Let $\mathcal{H}_{B}\subset\mathcal{H}$ be the set of all “bad” predictors whoes true loss is greater than $\varepsilon$ , i.e. for each $h_{B}\in\mathcal{H}_{B}$ we have $L_{(\mathcal{D},f)}(h_{B})>\varepsilon$ . For each $h_{B}$ , we see that

\Pr_{{\bm{x}}\sim\mathcal{D}}[h_{B}({\bm{x}})=f({\bm{x}})]=1-L_{(\mathcal{D},f% )}(h_{B})\leq 1-\varepsilon.

The probability that we learn the specific bad predictor $h_{B}$ is the probability that its empirical loss on $S$ is zero:

\Pr_{S\sim\mathcal{D}^{m}}[L_{S}(h_{B})=0]\leq(1-\varepsilon)^{m}\leq e^{-% \varepsilon m}.

By the union bound, the probability that we learn any bad predictor $h_{B}\in\mathcal{H}_{B}$ is:

\Pr_{S\sim\mathcal{D}^{m}}[\exists h_{B}\in\mathcal{H}_{B}:L_{S}(h_{B})=0]\leq% \sum_{h_{B}\in\mathcal{H}_{B}}\Pr_{S\sim\mathcal{D}^{m}}[L_{S}(h_{B})=0]\leq|% \mathcal{H}_{B}|e^{-\varepsilon m}\leq|\mathcal{H}|e^{-\varepsilon m},

which is equivalent to:

\Pr_{S\sim\mathcal{D}^{m}}[L_{(\mathcal{D},f)}(h_{S})>\varepsilon]\leq|% \mathcal{H}|e^{-\varepsilon m}.

We conclude that:

Corollary 1.

Let $\mathcal{H}$ be a finite hypothesis class. Let $\delta\in(0,1)$ and $\varepsilon>0$ , and let $m$ be an integer satisfies

m\geq\frac{\log(|\mathcal{H}|/\delta)}{\varepsilon}.

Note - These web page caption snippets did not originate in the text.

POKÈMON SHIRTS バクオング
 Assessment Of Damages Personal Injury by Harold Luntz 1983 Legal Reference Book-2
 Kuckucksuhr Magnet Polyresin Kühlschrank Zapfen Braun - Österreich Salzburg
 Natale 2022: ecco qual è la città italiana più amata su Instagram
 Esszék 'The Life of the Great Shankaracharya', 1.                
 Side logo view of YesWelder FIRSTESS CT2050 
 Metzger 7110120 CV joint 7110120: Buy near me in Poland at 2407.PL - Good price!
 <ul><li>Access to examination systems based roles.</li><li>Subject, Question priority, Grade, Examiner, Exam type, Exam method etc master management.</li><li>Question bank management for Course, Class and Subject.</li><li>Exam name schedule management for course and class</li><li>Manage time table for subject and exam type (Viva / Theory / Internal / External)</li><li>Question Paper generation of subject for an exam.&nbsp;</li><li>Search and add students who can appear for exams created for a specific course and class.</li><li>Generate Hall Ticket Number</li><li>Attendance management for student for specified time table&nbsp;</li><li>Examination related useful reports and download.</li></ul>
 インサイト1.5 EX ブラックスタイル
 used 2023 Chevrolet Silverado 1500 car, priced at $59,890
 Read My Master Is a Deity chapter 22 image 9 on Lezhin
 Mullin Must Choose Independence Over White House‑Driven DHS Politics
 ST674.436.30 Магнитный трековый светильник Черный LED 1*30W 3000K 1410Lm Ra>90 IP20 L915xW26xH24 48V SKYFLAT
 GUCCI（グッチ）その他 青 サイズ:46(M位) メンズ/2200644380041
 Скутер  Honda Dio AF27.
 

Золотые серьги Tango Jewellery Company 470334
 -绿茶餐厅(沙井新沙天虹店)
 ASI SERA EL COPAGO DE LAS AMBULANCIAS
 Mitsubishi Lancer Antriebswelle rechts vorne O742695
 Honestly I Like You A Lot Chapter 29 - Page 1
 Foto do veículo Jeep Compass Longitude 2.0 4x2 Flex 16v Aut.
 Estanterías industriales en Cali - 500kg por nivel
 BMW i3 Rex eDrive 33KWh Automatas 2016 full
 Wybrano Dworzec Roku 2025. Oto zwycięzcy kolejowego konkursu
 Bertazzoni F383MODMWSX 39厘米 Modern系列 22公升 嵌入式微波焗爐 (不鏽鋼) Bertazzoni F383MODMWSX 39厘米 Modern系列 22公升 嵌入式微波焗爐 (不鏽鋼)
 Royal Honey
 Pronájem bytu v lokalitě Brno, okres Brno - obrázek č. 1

Then, for any distribution $\mathcal{D}$ and for any labeling function $f$ , if the realizable assumption holds, with probability at least $(1-\delta)$ , we have

L_{(\mathcal{D},f)}({\sf ERM}_{\mathcal{H}}(S))\leq\varepsilon.

References

[1] S. Shalev-Shwartz and S. Ben-David (2014) Understanding machine learning - from theory to algorithms.. Cambridge University Press.